Many RF applications require signal distribution / collection that interconnects over substantial distances using wide bandwidth. Examples of such systems include antenna arrays and signal distribution networks. The main applications are the emerging 5G where bandwidths above 6 GHz are required.
Where bandwidths are low, digital distribution is king, as the signal information content can be maintained over long distances without degradation other than from the original sampling quantization errors. However, when the bandwidth requirement is increased, sampling ADC converters may become impractical for a number of reasons including: limitations of the sample rate, power consumption, and dynamic range.
RF distribution can fill the requirement for such distribution networks with high bandwidths. When signal bandwidths are in the range of 6 GHz (which is used for 5G networks) applications. Sophisticated and complex up-and-down frequency conversion solutions are possible with low loss coaxial lines serving to transport the signals. However, frequency conversion becomes less practical and even impossible for some applications which require massive MIMO antenna arrays, long-distance signal transport, and even wider bandwidths.

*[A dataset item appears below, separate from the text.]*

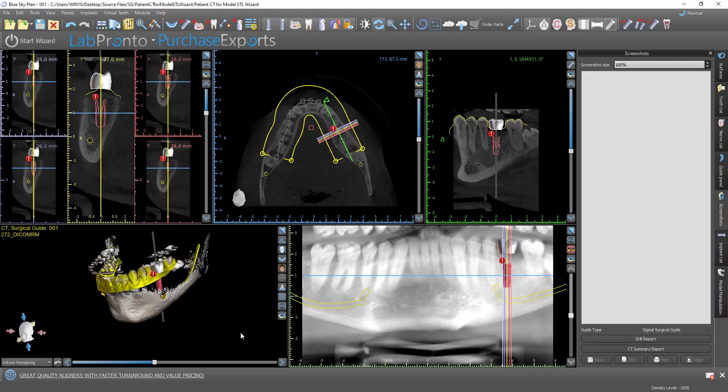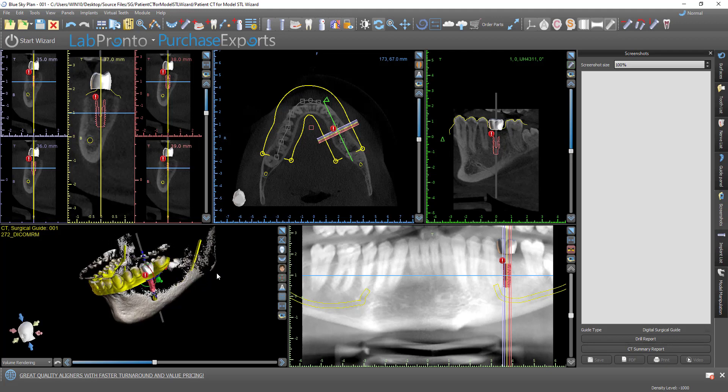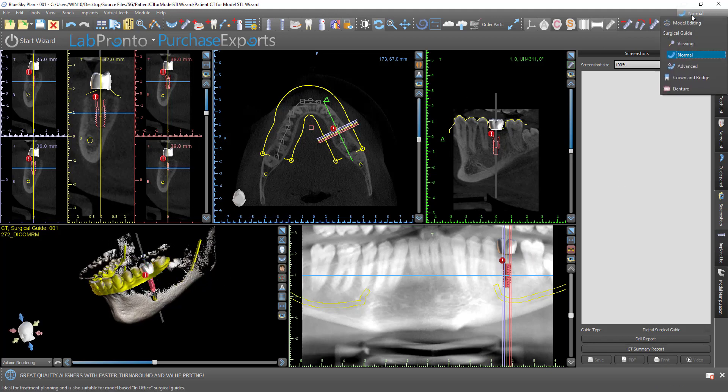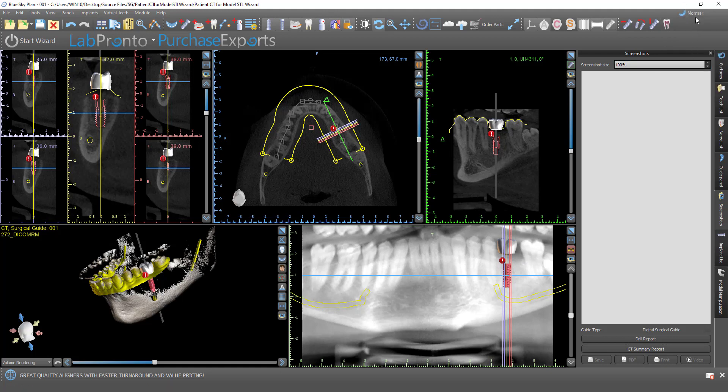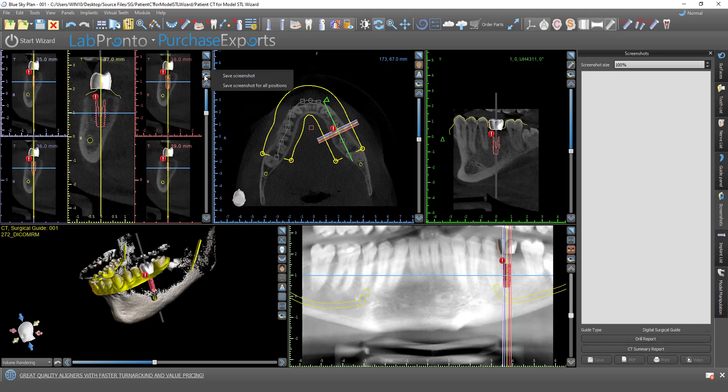So now in our surgical guide module, for example, you could generate and export the video as well. We're now in normal mode. Works exactly the same way in advanced mode. We're looking now at our screenshots panel. And you could see in the icons in the top right corner for every view, you have a little picture of a camera. So if you wanted to add a screenshot to the screenshot basket, you could just click save screenshot or save screenshot for all positions.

RF solutions becomes very difficult to design and implement when there are many distribution points. In some cases, it is simply the sheer weight and girth of all those coax cables that becomes unmanageable. In other cases, frequency conversion adds too many side effects as to preclude the approach altogether. To illustrate: many scientific observatories, 5G and 6G tower infrastructure, ELINT and surveillance systems, multi-use target simulators as well as test ranges cannot use frequency conversion solutions.